Elistratov competed at the 2010 Winter Olympics for Russia. In the 500 metres and 1000 metres, he placed third in his round one heat, failing to advance, and in the 1500 metres, he placed fourth, also failing to advance. In all three events, he ended up 24th overall.

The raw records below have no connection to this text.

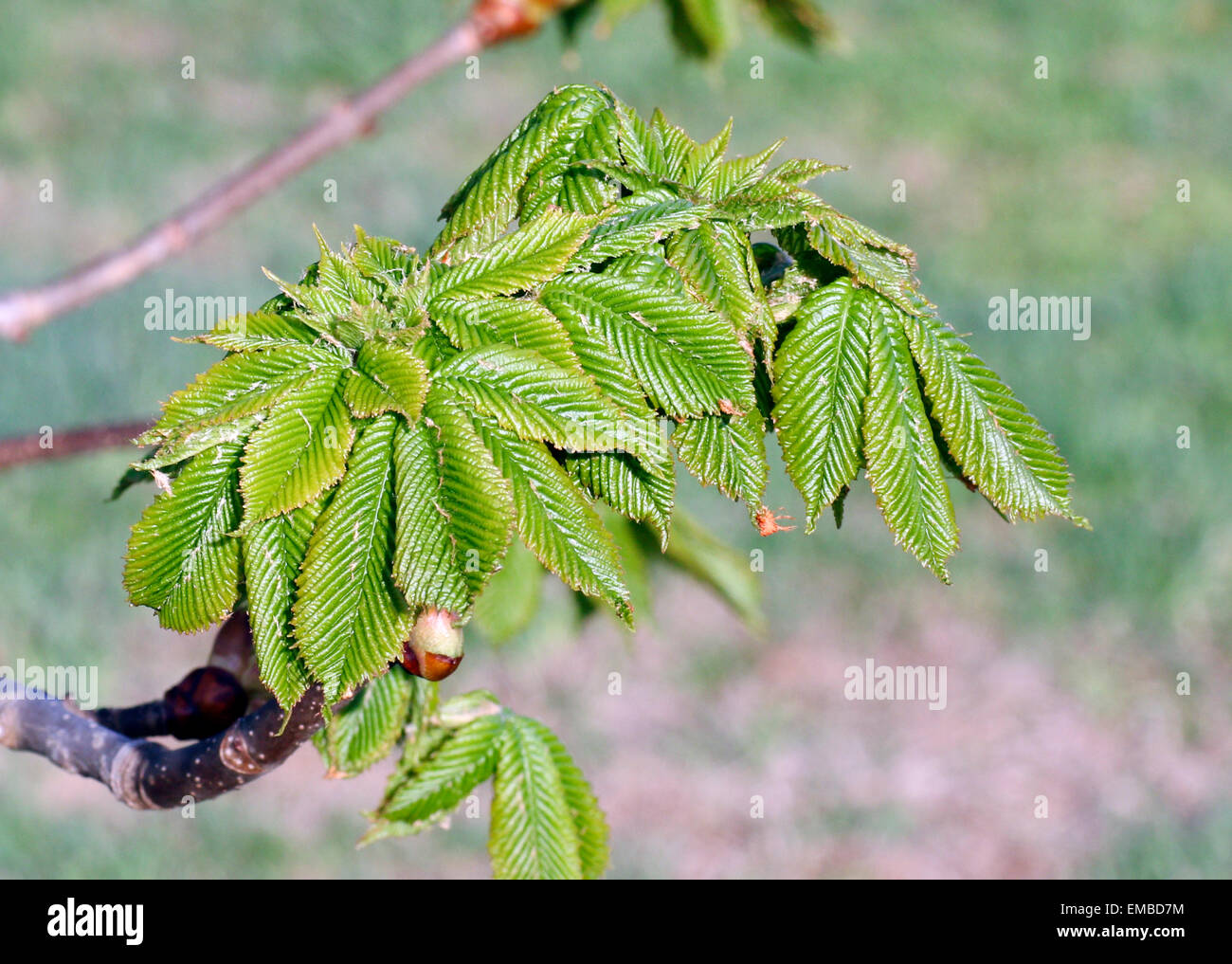 Red Horsechestnut Baum Aeculus X carnea. Stockfoto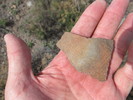 photo thumbnail #13
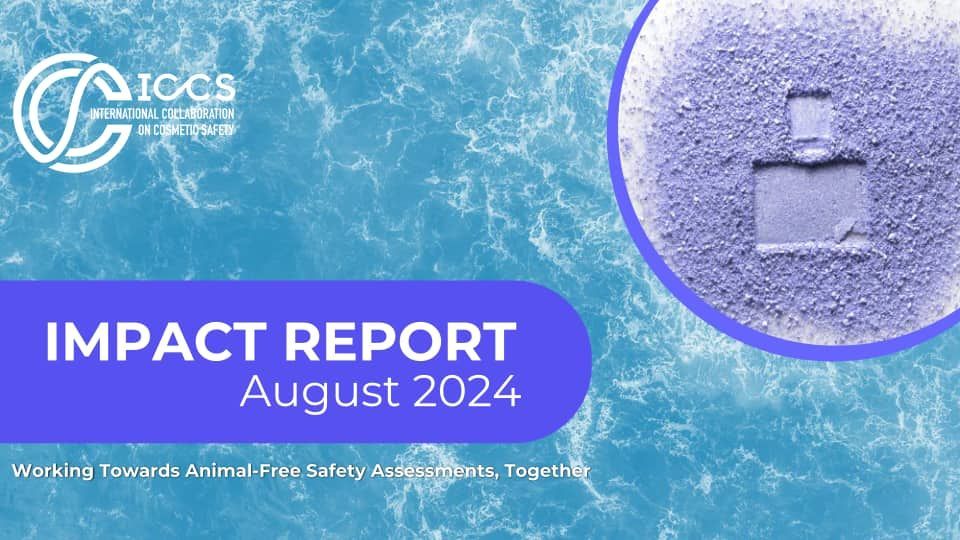 The cover of the impact report for august 2024 has a picture of ocean waves on it.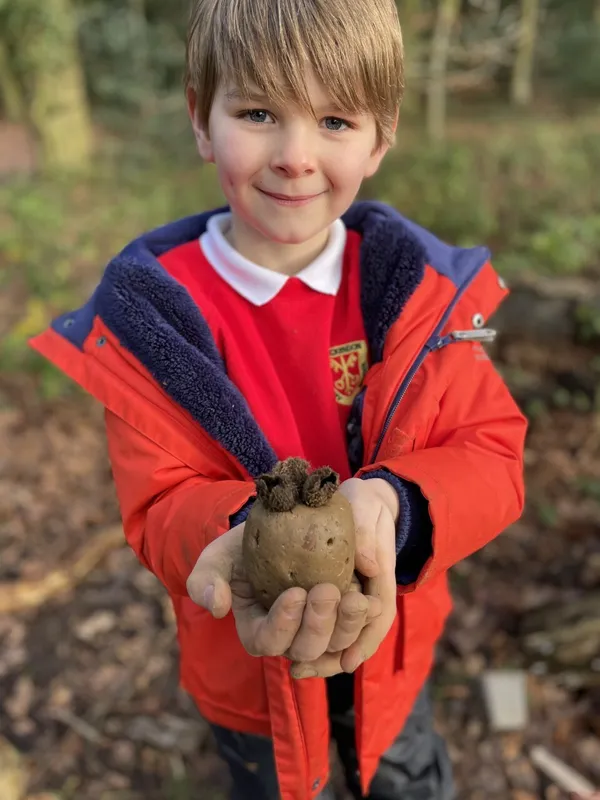 Gallery - created at 2023-01-13 16:15:20 - image 5 Gallery - created at 2023-01-13 16:15:20 - image 5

As of 2013, Elistratov's best performance at the World Championships came in 2015, when he won a gold medal in 1500 m individual race. Elistratov won gold medals as a member of the Russian relay team at the 2013 and 2014 European Championships, and was runner-up in the overall competition at the 2014 European Championships as well.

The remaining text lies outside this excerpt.